The Court laid out the competing concerns when it stated: “Our society has come to the recognition that gay persons and gay couples cannot be treated as social outcasts or as inferior in dignity and worth. . . . At the same time, the religious and philosophical objections to gay marriage are protected views and in some instances protected forms of expression.” Suggesting that a wedding cake is not “just a mixture of flour and eggs,” the Court followed the tradition from Victorian England to post-Civil-War America, noting that today “a whole series of events expected in the context of a wedding would be impossible without it: an essential photograph, the cutting, the toast, and the distribution of both cake and favors at the wedding and afterwards.” Indeed, the fact that nobody likes to eat wedding cake is further proof that it is as much symbol as food.
The high court never decided between religious rights and sexual orientation discrimination because it found that the baker never got a fair chance to present his religious argument. Rather, the Colorado Civil Rights Commission (CCRC) greeted his beliefs in a hostile manner, with one member of the panel referring to his position as “a despicable piece of rhetoric.” That attitude preempted any “full and fair consideration” from a “neutral decision maker,” according to the Court.
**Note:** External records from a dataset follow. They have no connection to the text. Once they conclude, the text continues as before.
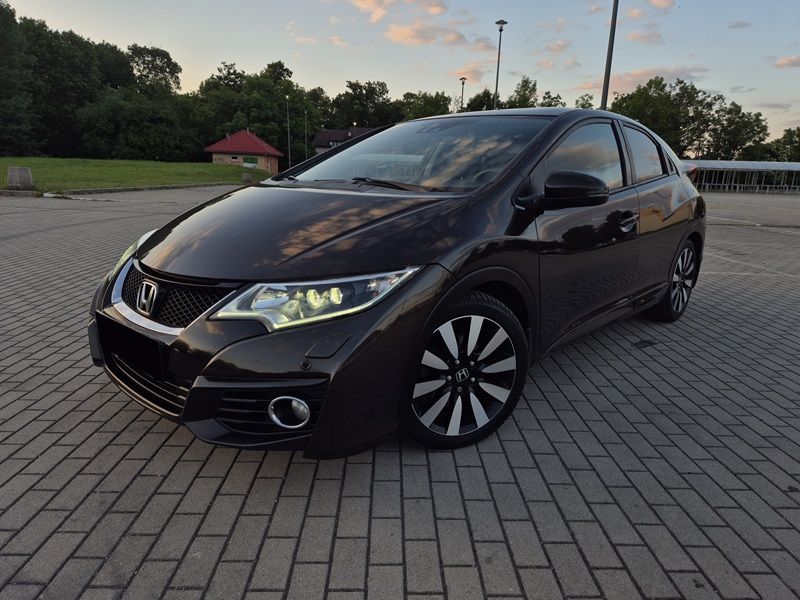 Honda Civic IX (2011-2017) 1.6 i-DTEC Executive Black Edition 2015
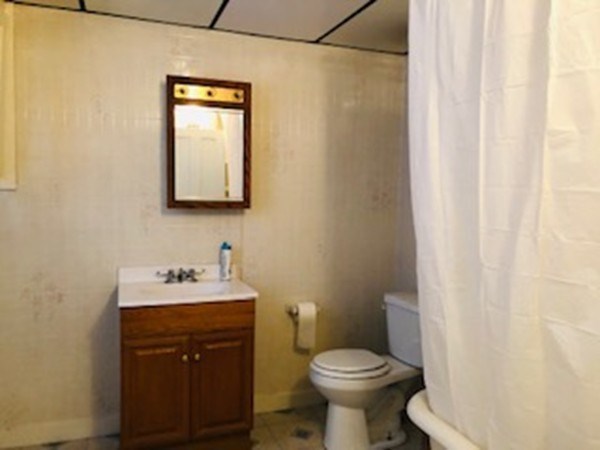 486 Pearse Road Swansea, MA 02777 - Photo 17 of 31 Gallery Image 17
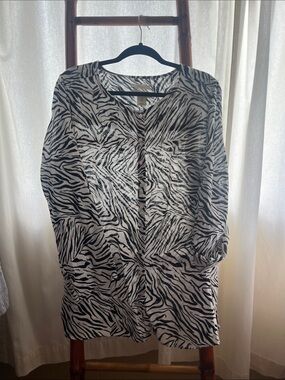 Cynthia Rowley Black & White Zebra-Print Long Sleeve top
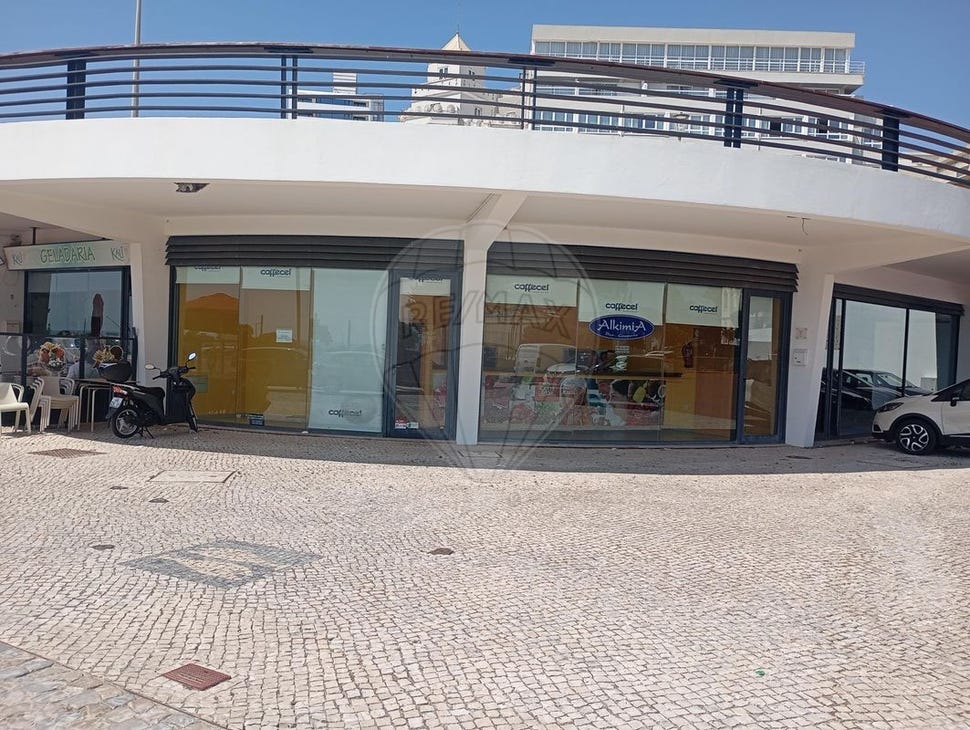 54m² Commercial property in Figueira da Foz, Portugal No. 236213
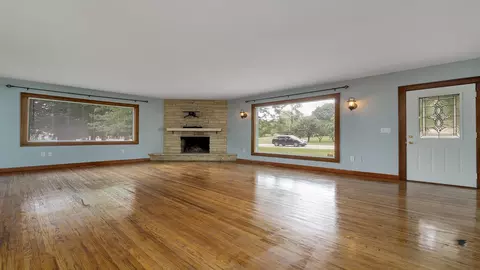 10374 Main St, Roscoe, IL 61073 photo 9
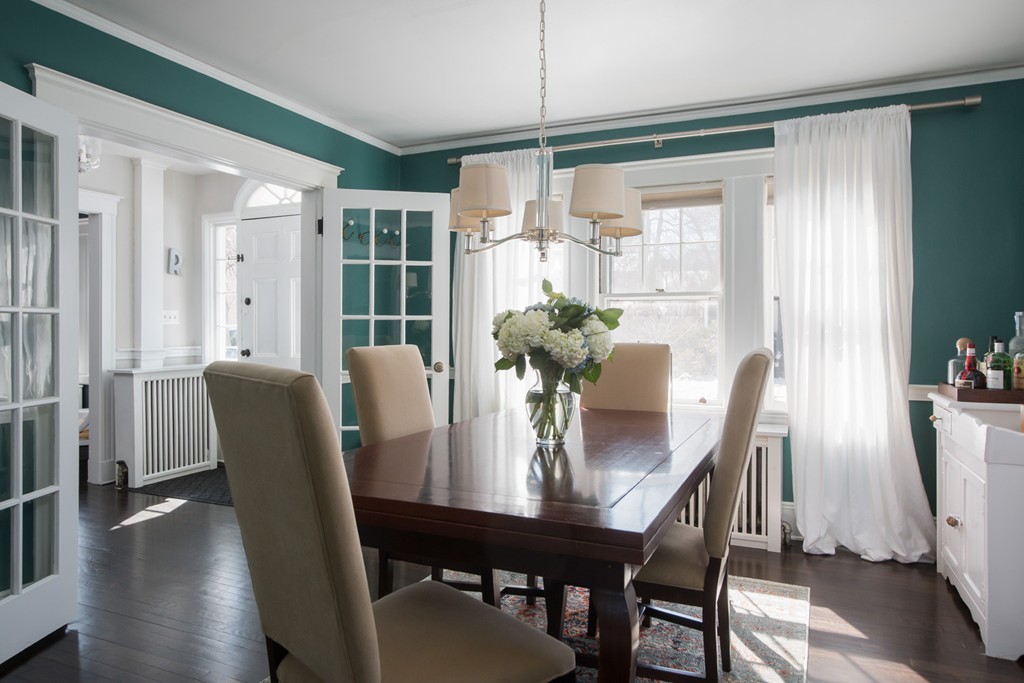 76 Governors Road Milton, MA 02186 - Photo 5 of 27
It is not the state’s province to decide if a sincerely held statement of religious belief is “despicable”—that’s what separation of church and state is all about. Rather, a state agency must decide whose legitimate competing interests to enforce. The Court noted that the state must act “without undue disrespect for religious beliefs” and without “subjecting gay persons to indignities when they seek goods and services.” The issue was sent back to the CCRC to decide, this time without bias against one party.
There’s a larger message here for employers. When you have to investigate and determine the competing interests of two employees, it isn’t enough to have good written rules. The investigator and the decision maker must start off with open minds and without disrespect for either party. Otherwise, your decision-making process is doomed from the start. Setting aside any hostility or bias, the CCRC and courts must now decide whether religious rights or LGBTQ rights will take the cake in Colorado.